Voting in Countries Outside the United States (Non-U.S. Countries) Voting proxies for companies
not domiciled in the United States may involve greater effort and cost due to the variety of
regulatory schemes and corporate practices. For example, certain non-U.S. countries require
securities to be blocked prior to a vote, which means that the securities to be voted may not be
traded within a specified number of days before the shareholder meeting. The Board typically will
not vote securities in non-U.S. countries that require securities to be blocked as the need for
liquidity of the securities in the funds will typically outweigh the benefit of voting. There may
be additional costs associated with voting in non-U.S. countries such that the Board may determine
that the cost of voting outweighs the potential benefit.

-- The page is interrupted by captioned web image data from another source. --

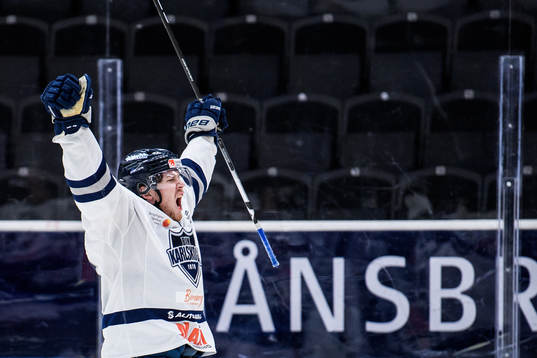 Karlskogas Arvid Aronsson jublar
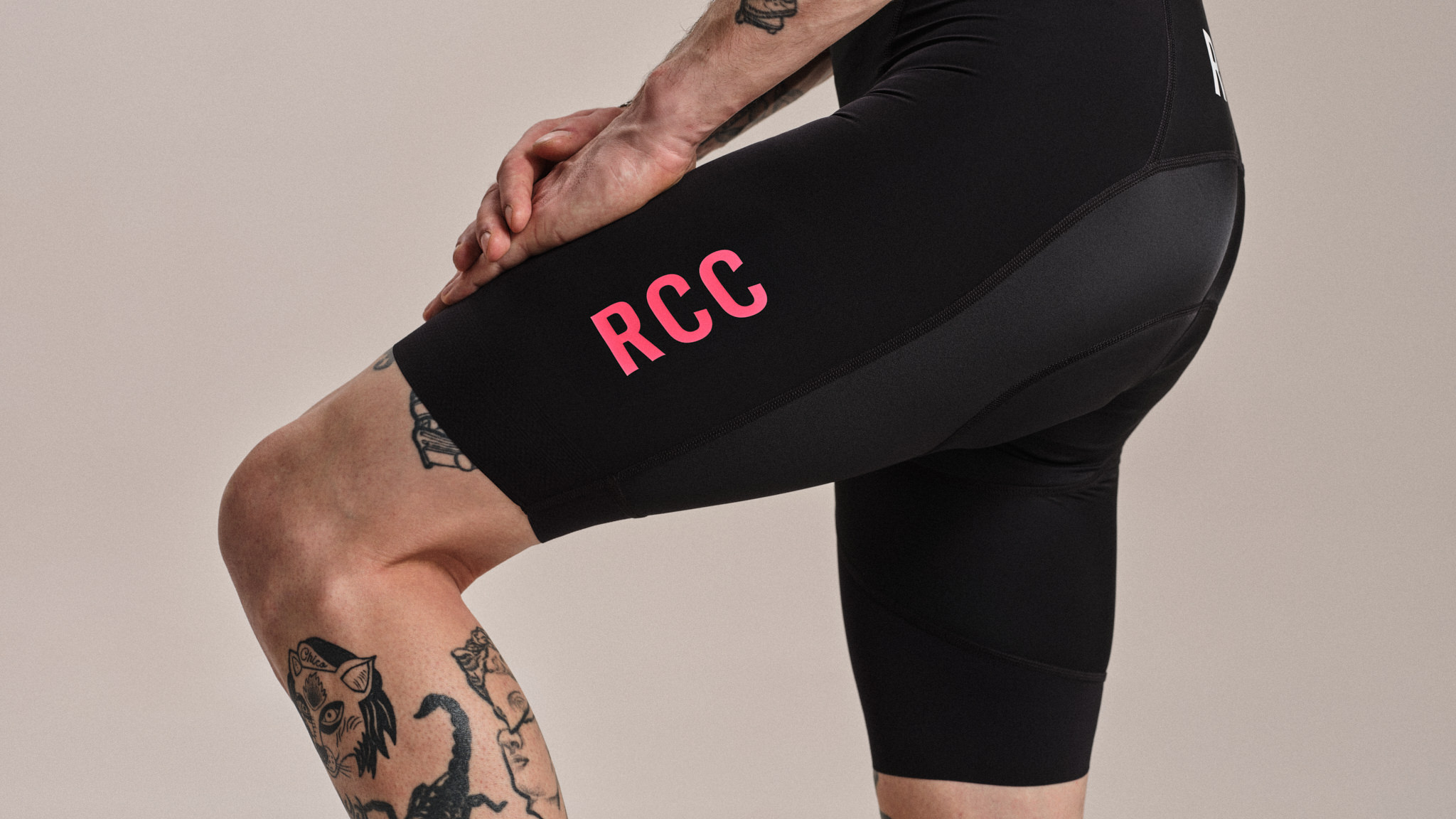 メンズ RCC プロチーム ビブショーツ III | Rapha
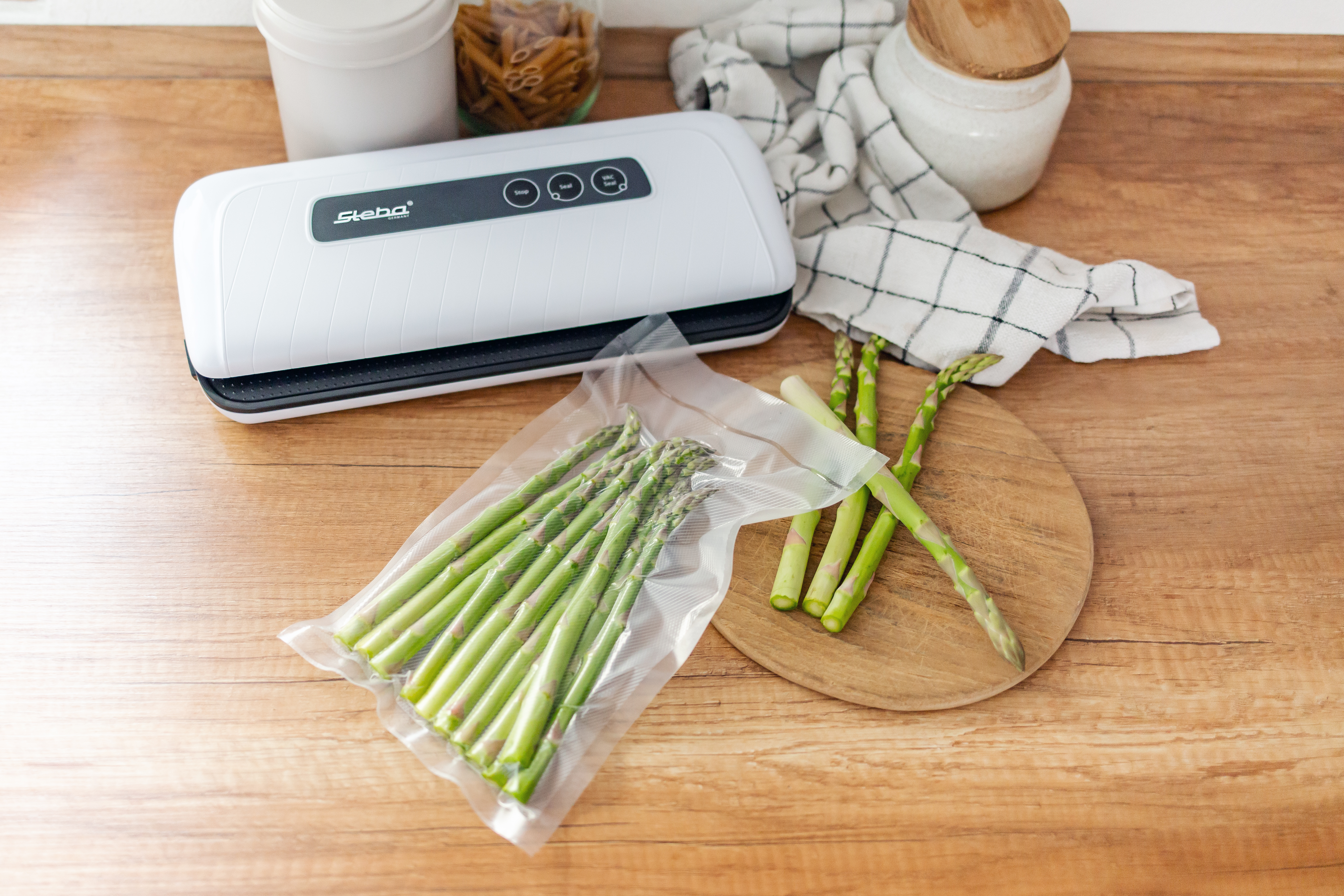 Steba VK 4 Vakuumierer – Automatisches Vakuumiergerät für längere Frische & optimale Lebensmittelkonservierung 7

Securities on Loan The Board will generally refrain from recalling securities on loan based upon
its determination that the costs and lost revenue to the funds, combined with the administrative
effects of recalling the securities, generally outweigh the benefit of voting the proxy. While
neither the Board nor the funds administrator assesses the economic impact and benefits of voting
loaned securities on a case-by-case basis, situations may arise where the Board requests that
loaned securities be recalled in order to vote a proxy. In this regard, if a proxy relates to
matters that may impact the nature of a company, such as a proposed merger or acquisition, and the
funds ownership position is more significant, the Board has established a guideline to direct the
funds administrator to use its best efforts to recall such securities based upon its determination
that, in these situations, the benefits of voting such proxies generally outweigh the costs or lost
revenue to the funds, or any potential adverse administrative effects to the funds, of not
recalling such securities.
Investment in Affiliated Funds Certain RiverSource funds may invest in shares of other
RiverSource funds (referred to in this context as underlying funds) and may own substantial
portions of these underlying funds. The proxy policy of the funds is to ensure that direct public
shareholders of underlying funds control the outcome of any shareholder vote. To help manage this
potential conflict of interest, recognizing that the direct public
32
shareholders of these underlying
funds may represent only a minority interest, the policy of the funds is to vote proxies of the
underlying funds in the same proportion as the vote of the direct public shareholders. If there are
no direct public shareholders of an underlying fund, the policy is to cast votes in accordance with
instructions from the independent members of the Board.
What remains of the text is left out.